Her şeyden önce 28’nci yasama yılının ikinci yılının hayırlı olmasını, TBMM’de yapacağımız mesaide milletimizin hak ve hukukunu koruyan milletimizin menfaatlerini ileriye taşıyan kararlı çalışmalarımızda başarılı olmamızı diliyorum.
ORTAK HEDEFLER ETRAFINDA BİRLEŞECEĞİZ
29 Ekim’de Cumhuriyetin ikinci asrına gireceğiz. Bizim gibi büyük milletlerin hedefleri olur, varmak istedikleri hedefler olur, bu TBMM’yi kuran irade 1920 şartlarında bağımsızlık ve özgürlük fikri etrafında kurmuştur.

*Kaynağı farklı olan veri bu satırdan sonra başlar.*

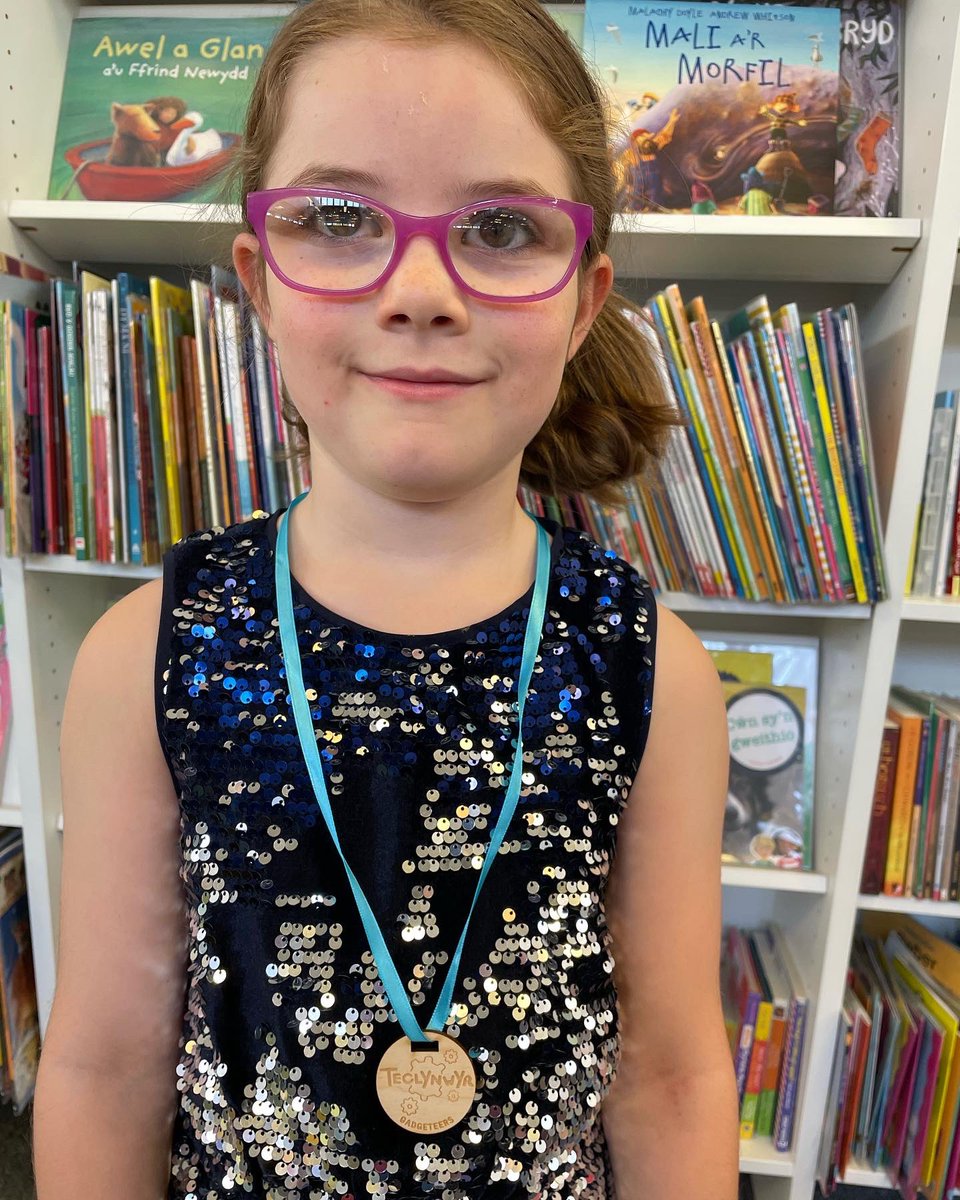 Mrs_Brake's tweet image. Summer reading challenge 2022 completed! #lovereading #lovelibraries #gadgeteers @YstradMynachLib @YstradPrimary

Ortak hedefte aramızdaki farklı fikirleri, siyasi farklılıkları bir tarafa bırakarak ortak hedefler etrafında birleşeceğiz. Meclis’in itibarının yükseltilmesi herkesin sorumluluğu olduğu gibi en başta bizlerin sorumluluğudur.
YENİ ANAYASA VURGUSU
Bu çerçevede TBMM’de yeni bir grubun altıncı bir grubun kurulduğunu biliyoruz. O grup salı günü başkanlık divanı ve komisyon üyesini bildirdikten sonra Meclis’te alacağı yer tespit edilecektir. Cumhuriyetimizin ikinci yüzyılının hiç şüphesiz bir takım ödevlerinin olduğunu bir kere daha hatırlamak durumundayız. TBMM, bir darbe anayasası olan 1982 anayasasından kurtulmak mecburiyetindedir. Önyargısız doğru zeminlerle tartışarak her birimiz sepetlerimizdeki pamukları ortaya koyarak yeni bir anayasa ile olağanüstü gayret sarf edeceğiz.
Bu anayasa yeni, sivil, çoğulcu, kapsayıcı ve insan odaklı milli anayasa olmak durumundadır. Türkiye’nin kanaat sahibi bütün grupların samimi bir şekilde katılımını sağlayacağız. Üniversitelerin, hukuk çevrelerinin, fikri olan her kesimin açık olarak yer almasını Meclis olarak hep beraber sağlayacağız.
Türkiye hem içinde bulunduğu şartlar, dış politikada yakalamış olduğu çok boyutlu dış politika Meclisimizi dış politikada aktif hale getirmeyi zorunlu kılıyor.
Meclis’imizin gündeminde kendi içimizdeki gündemler yani milletimizin yasal çalışmaları dışında uluslararası alandaki gelişmeleri takip etmek Meclis’imizin gündeminde olacaktır.
''TBMM OLARAK TAVRIMIZI HER ZAMAN ORTAYA KOYACAĞIZ''
İklim krizlerini, gıda krizlerini, enerji krizlerini yakınen takip ederek gerekli adımlarımızı atacak, gerekli tedbirlerimizi alacağız. TBMM olarak tavrımızı her zaman ortaya koyacağız. Başta Avrupa kıtası olmak üzere yabancı düşmanlığı, göçmen karşıtlığı, İslamofobi karşısında Meclis olarak üzerimize düşen sorumlulukları yerine getireceğiz.
Avrupa kıtasında bazı ülkelerin İslam karşıtı propagandaya zemin hazırlamaları, faşist, ırkçı siyasetçi müsvettesi eylemi olmaktan çıkarak polis gözetiminde Kur'an'ı Kerim’in yakılması asla müsamaha göstereceğimiz bir husus değildir.
TBMM olarak Avrupa’nın siyaset yapıcı merkezlerine tavsiyemiz şudur: Bazı ülkelerde gelişen, siyaset tarafından destek gören İslam karşıtı eylemlerin bir an evvel sonlandırılması TBMM’nin, Türk milletinin en temel beklentilerinden birisidir.
Ayrıca şu tavsiyeyi de dost hane bir şekilde Avrupa’daki siyasetçilere yapmak isterim. Sadece Kuran’ı Kerim’in yakılması ile Müslümanların kutsallarına hakaret değil, çok daha ağır bir siyaset sonucunu doğuran çirkin gelişmedir. Bu faşist saldırılara karşı Avrupa siyaseti seyirci kalırsa, Avrupa’nın ana eksen siyaset damarları zehirlenecek. Avrupa’nın demokrasisini işleten damarları köreltecektir. TBMM üzerine düşen bütün sorumluluğu yerine getirecek, gerekli uyarıları ilgililere yapacaktır.